Consider a non-uniform ("generalized"?) convolution operator:
$$ A_h[f](t) = \int f(x)h(x,t)dx $$
I would like determine the eigenfunctions. In the "stationary" case where $h(x,t) = h(x-t)$ we have the standard convolution, whose eigenfunctions are the complex exponentials $e^{ikt}$ and eigenvalues are the Fourier transform of $h$.
Obviously this is a pretty open-ended problem. I'm specifically interested in the case that the convolution is just a spatially-varying Gaussian blur, so:
$$ h(x,t) = \exp\left[-\frac{(x-t)^2}{2\sigma_x^2}\right] $$
That is, the width of the blur depends on location. How can we compute the eigenfunctions, or equivalently diagonalize the non-uniform convolution operator matrix? I would guess that we could use wavelets (since waves work in the stationary case) but I suspect we need to impose limits on how quickly $\sigma_x$ changes (i.e. making it "locally stationary").

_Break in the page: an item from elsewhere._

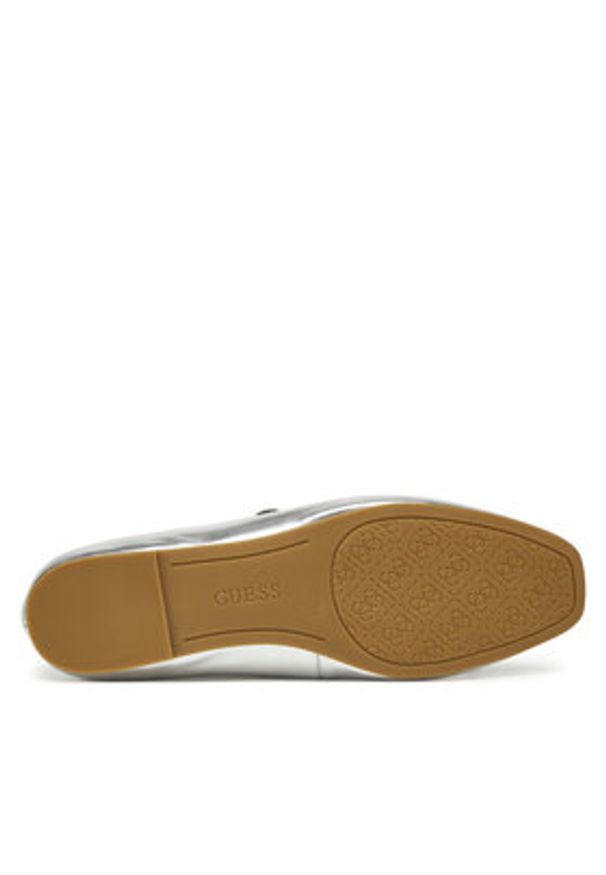 Guess Baleriny FLJKAY LEM02 Srebrny. Kolor: srebrny. Materiał: skóra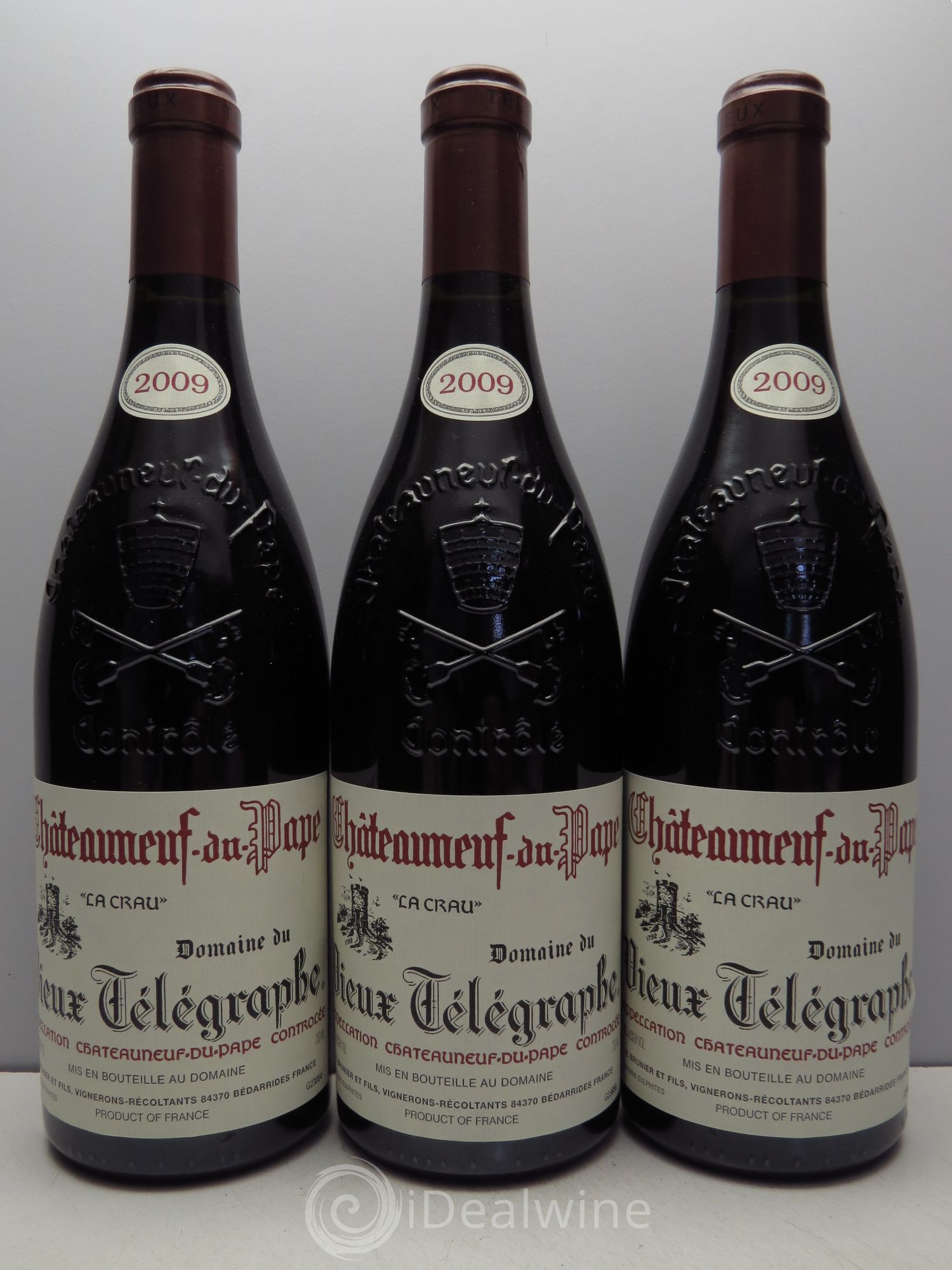Châteauneuf-du-Pape Vieux Télégraphe (Domaine du) Vignobles Brunier 2009 - Lot de 3 bouteilles - 0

I would just add that a partial solution, or a link to a related solution, or even just an outline, would be really helpful!
It's very atypical to be able to compute the eigenfunctions of a general integral operator explicitly. What is special about convolution operators is that they exhibit translation symmetry, which is why periodic functions "diagonalize" them. Wavelets are known to almost diagonalize certain kinds of nonstationary operators - this is discussed in Meyer's book on wavelets and Calderon-Zygmund theory.
If your operator doesn't have some really nice symmetries (translational, rotational, etc), then you're pretty much stuck with making general existence claims, which fall under the heading of spectral theory. If you want to try and estimate the eigenvalues/eigenfunctions, you'll usually need to resort to numerical techniques.